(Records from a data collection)
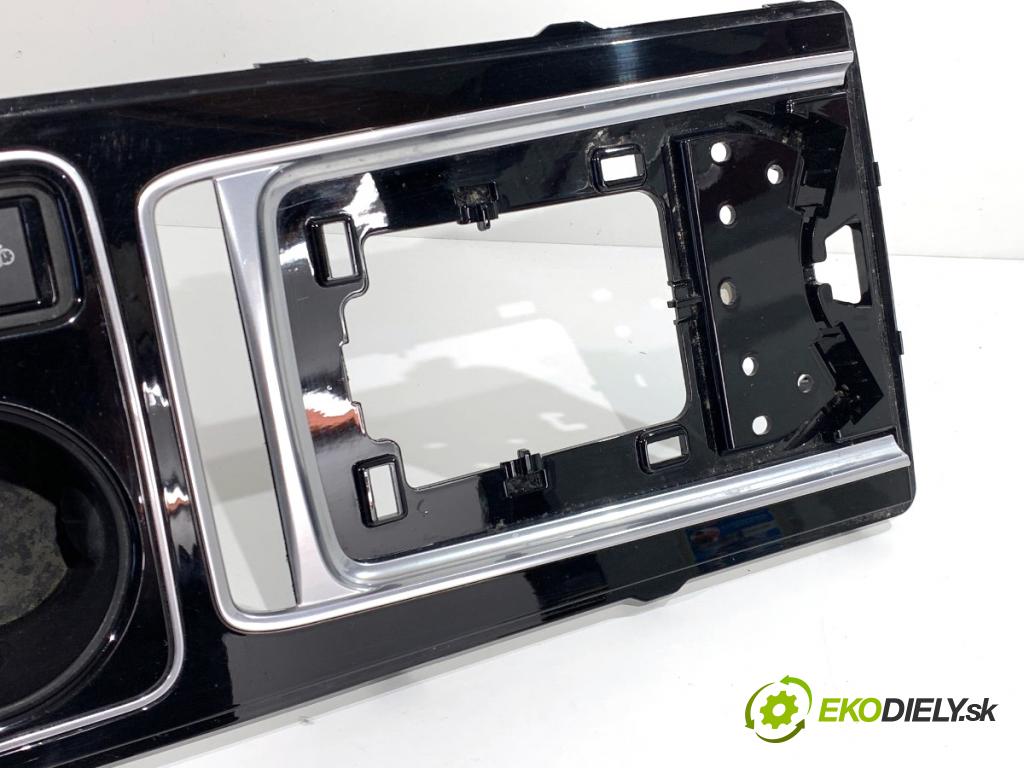 JAGUAR F-PACE SUV 2016 120 kW 2.0 TD4 1999 držák na nápoje  (Držák nápojů)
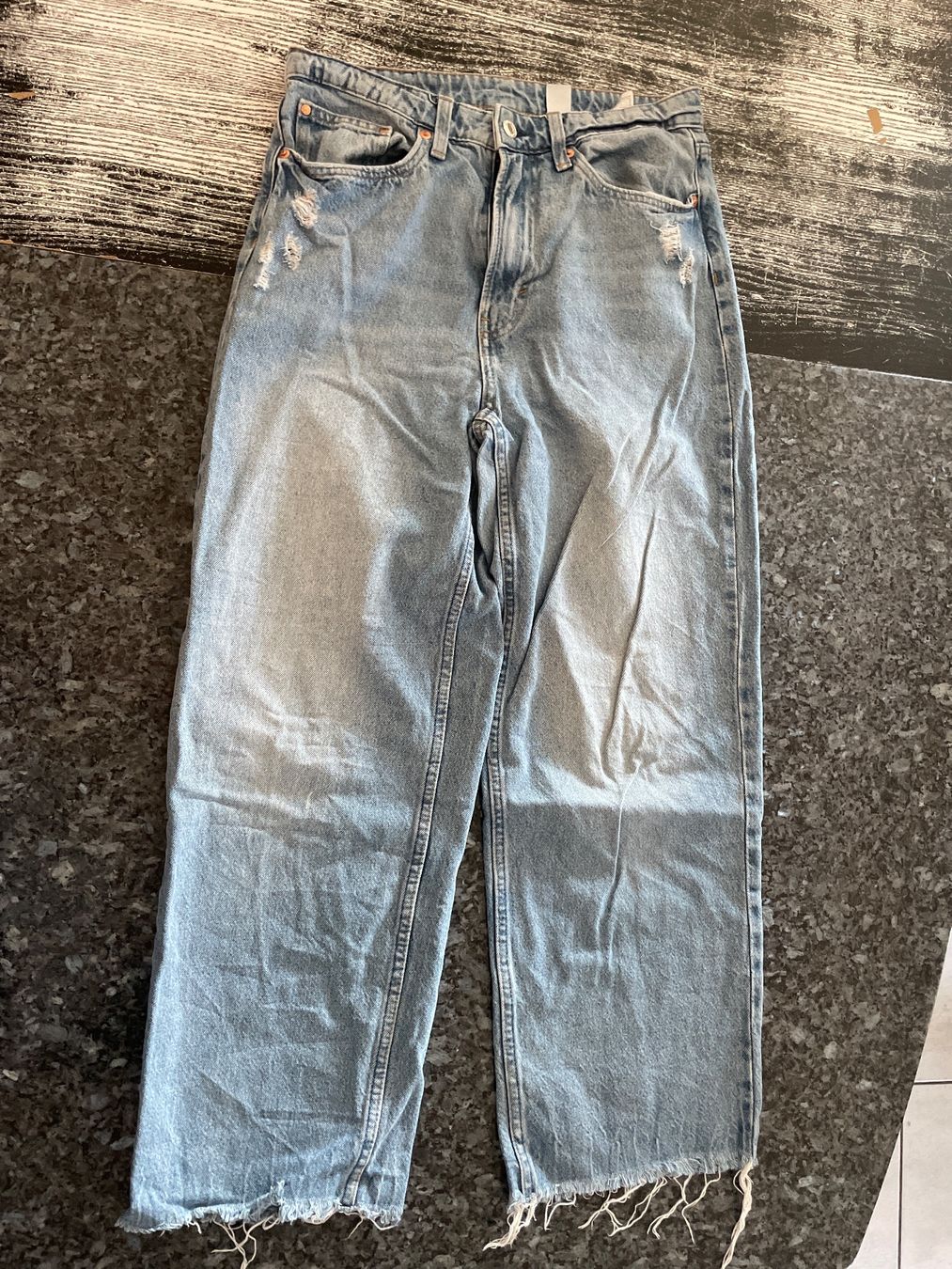 H&M Pantaloni: Jeans H&M EUR 40 – Usato da Schlossrued venduto da Julio25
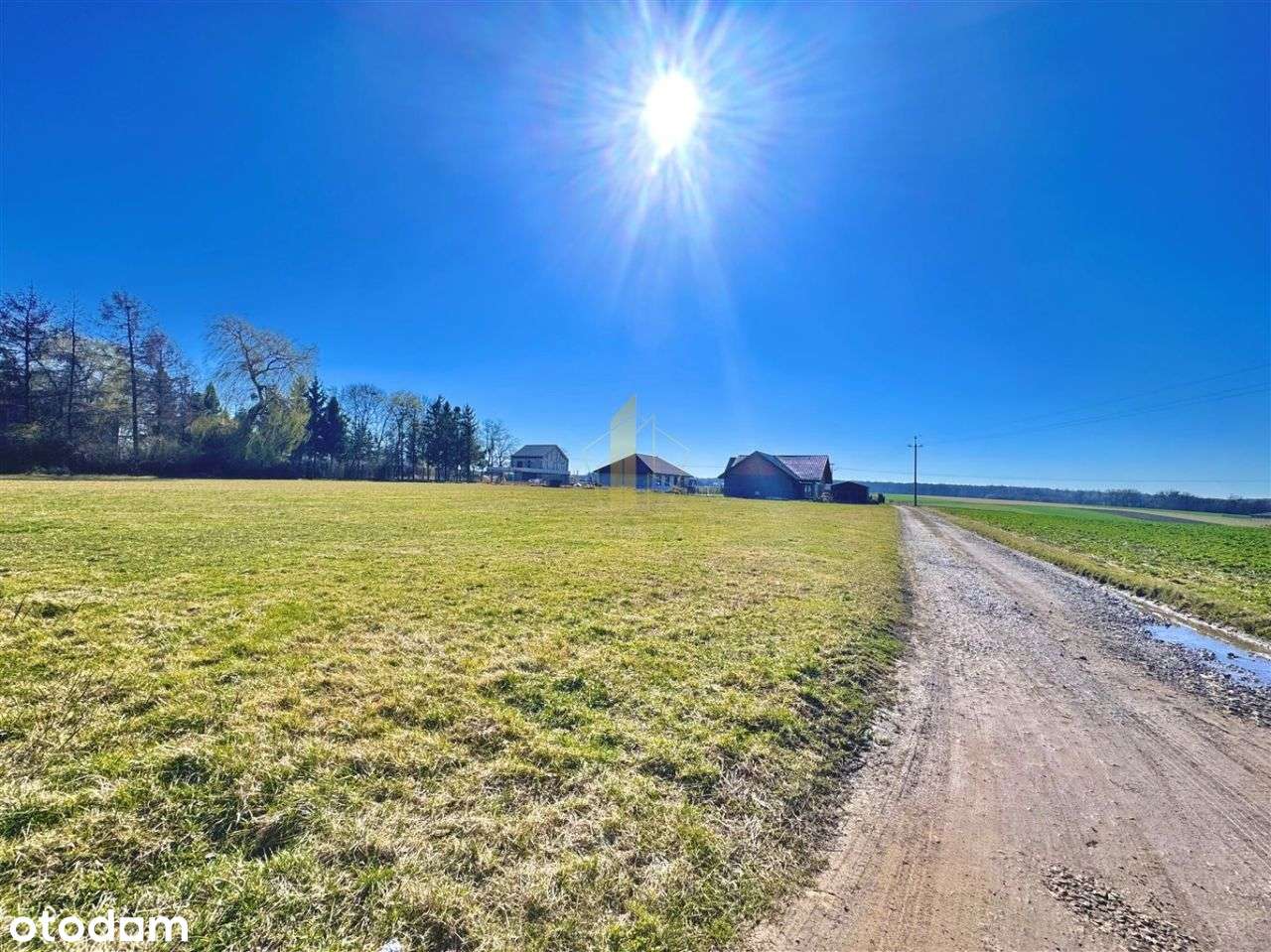 Działka budowlana w zielonej i spokojnej okolocy-1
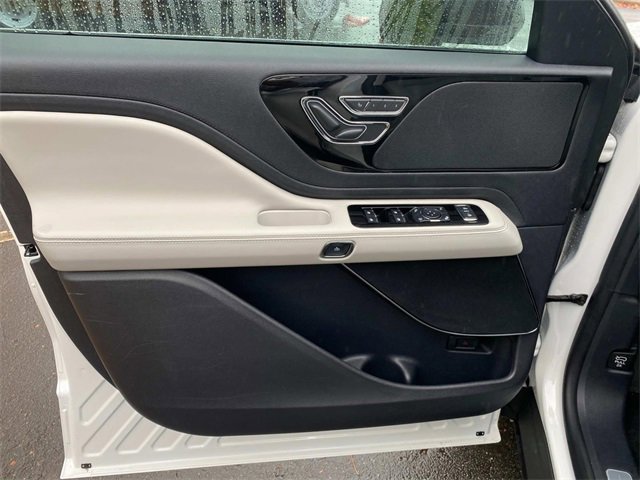Used 2025 Lincoln Aviator 2WD image 13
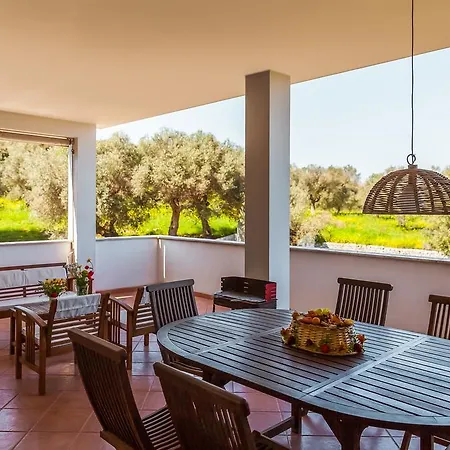 Holiday home Carenza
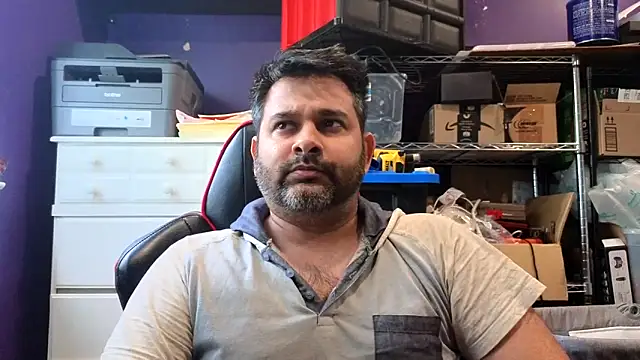 Snapshot of Sakhtlaundaz chatting on May 9, 7:28 pm Sakhtlaundaz online show from May 9, 7:28 pm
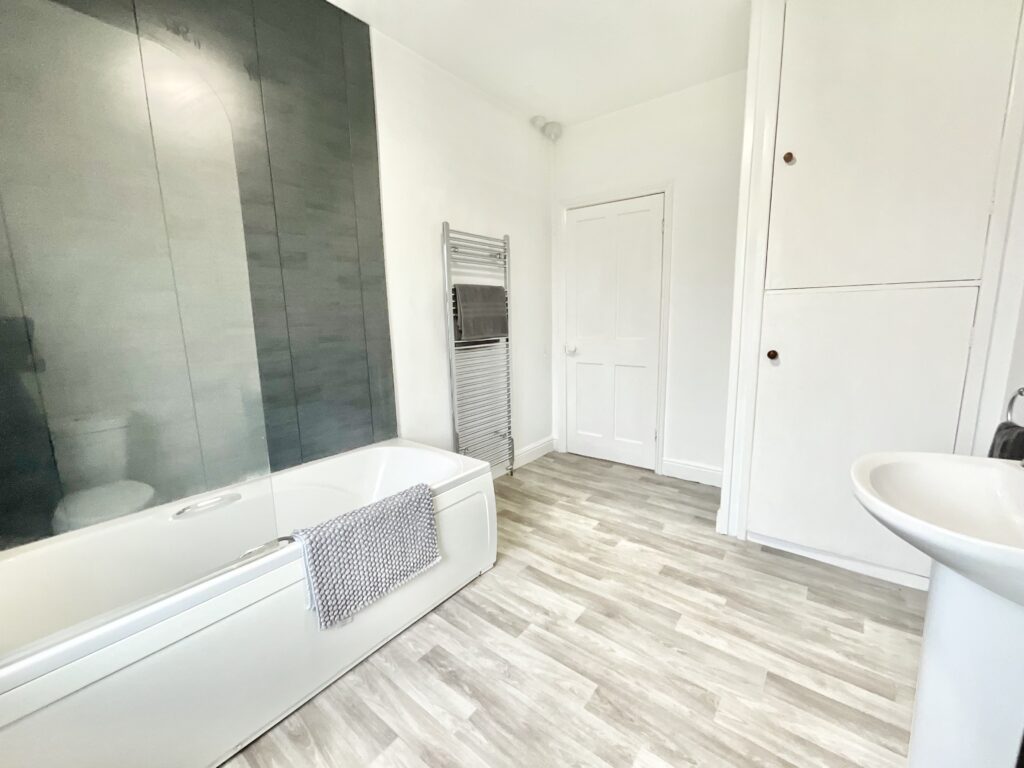 Mill Road, Cheadle, ST10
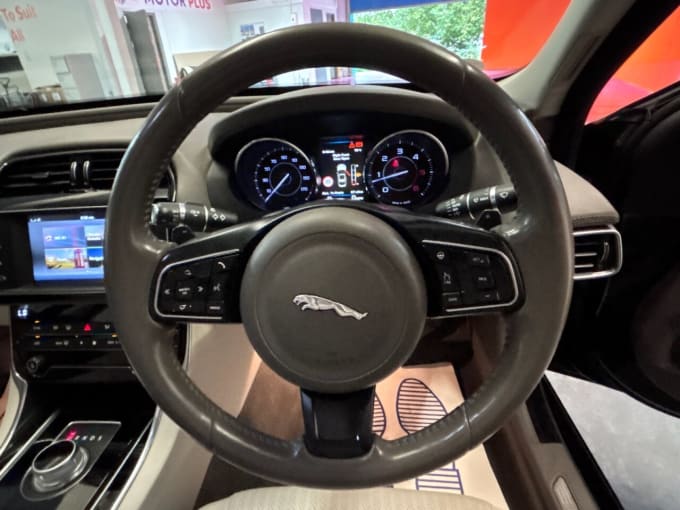 2025 Jaguar Xe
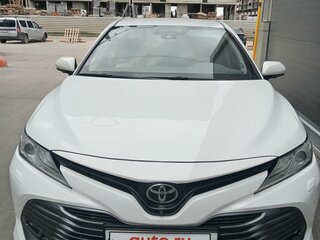 2018 Toyota Camry VIII (XV70), белый, 3000000 рублей, вид 1
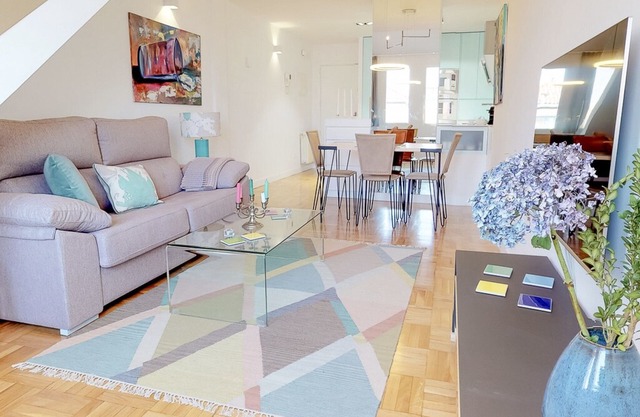 Paseo del Prado - One Bedroom Apartment, Sleeps 2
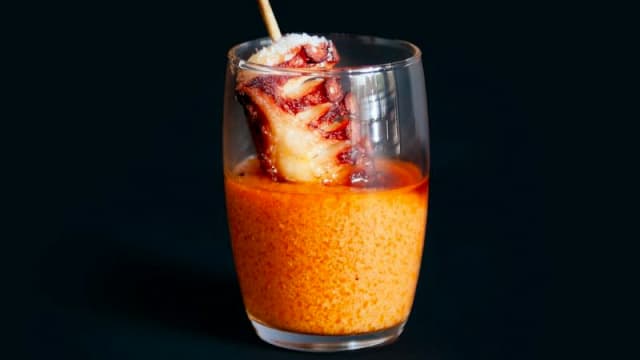 Pulpo crujiente y romesco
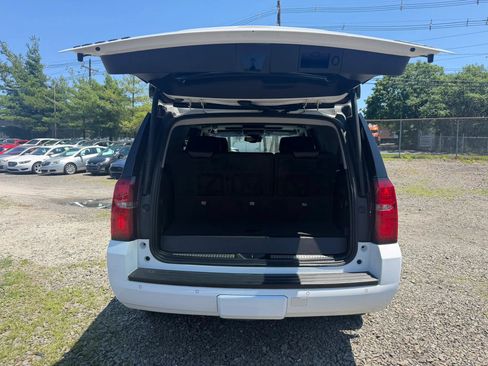 Used 2019 Chevrolet Tahoe Premier AWD/4WD image 28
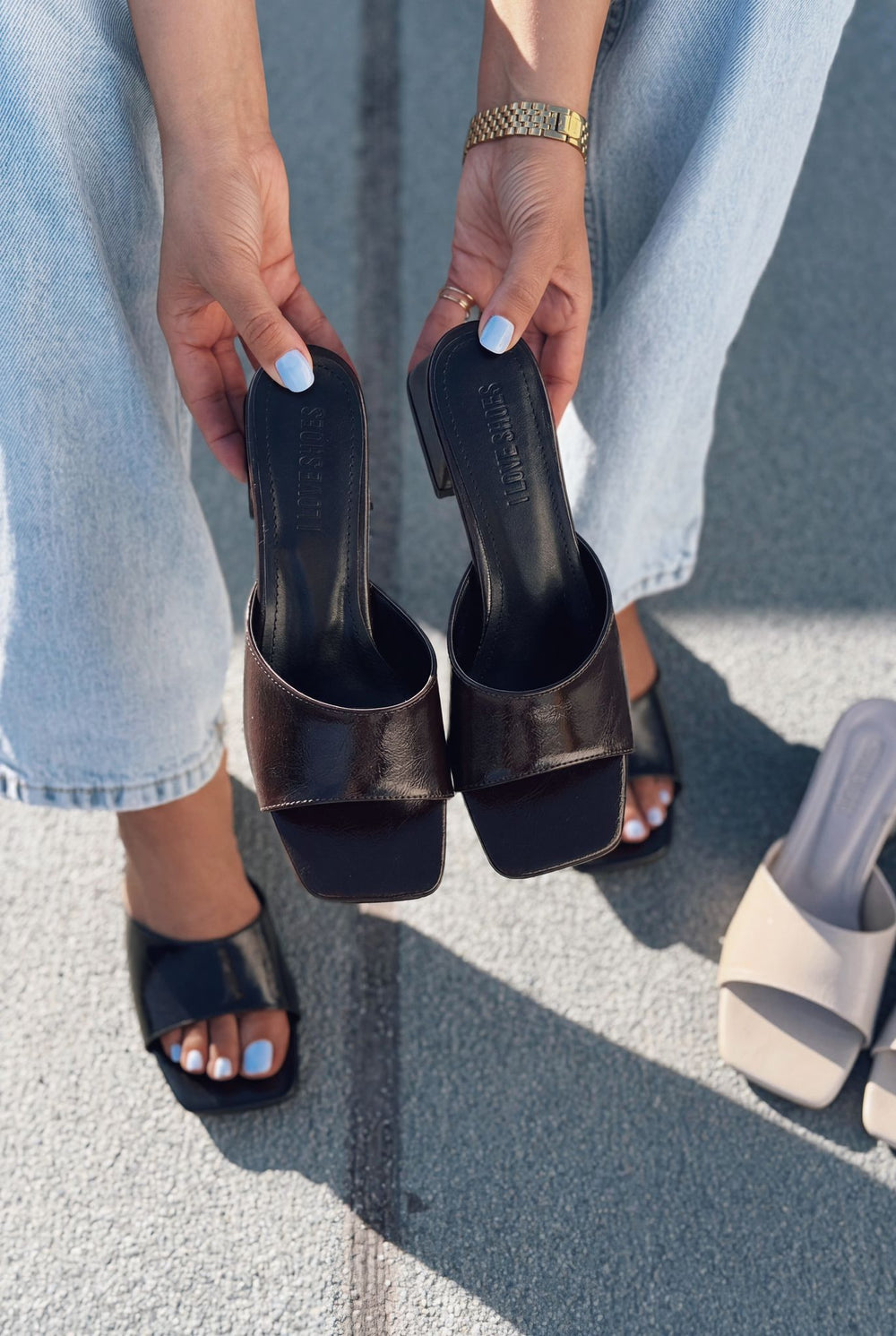 Veyn Acı Kahve Kırışık Deri Kadın Topuklu Terlik - ILOVESHOES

ASSIGNMENT:
Please restate word for word each line from the one containing "Used 2019 Chevrolet" to the end of the data above, without the pictures.

EXERCISE ANSWER:
 Used 2019 Chevrolet Tahoe Premier AWD/4WD image 28
 Veyn Acı Kahve Kırışık Deri Kadın Topuklu Terlik - ILOVESHOES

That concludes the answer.